4.   Use of Existing Resources

     Several parties have suggested that existing PSNH resources be used to
provide Transition Service for an interim period.  RSA 374-F:3,V(b) provides
that Transition Service "should be procured through competitive means...."
This provision was elaborated upon by the Legislature in 1998 N.H. Laws
191:1,V(b), which states that procuring through competitive means includes
the "option of having transition service supplied by the current owner of
such generation assets while the sale is pending...."  In light of this
provision, it is clear that use of existing resources for the provision of
Transition Service is consistent with the Legislature's intention.

     The Commission finds that it is reasonable to allow PSNH to utilize its
existing resource portfolio for the provision of Transition Service for a
limited period of time (rather than engaging in market transactions to
dispose of its resources pending divestiture) because it will eliminate the
administrative expenses associated with those market transactions and one of
the many additional tasks created by restructuring.

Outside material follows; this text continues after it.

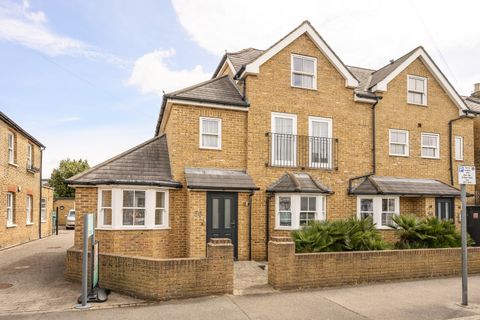 Russell Road, Wimbledon, London SW19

     In addition, interim use of the current resources, including IPP power
and PSNH ownedfacilities or entitlements will further assist in reducing
deferrals.  For all of these reasons we believe that it is appropriate and
beneficial to use existing resources on an interim basis to provide
Transition Service.  This "interim period" should be a limited one, dependent
on the length of time it will take to procure Transition Service and the
length of time to divest certain generation assets. Based upon the estimates
of when these actions will occur, the Commission finds that existing
resources should be used between Competition Day and January 1, 2001.  The
Commission reserves the authority to modify that date based on how these
processes unfold over the next few months.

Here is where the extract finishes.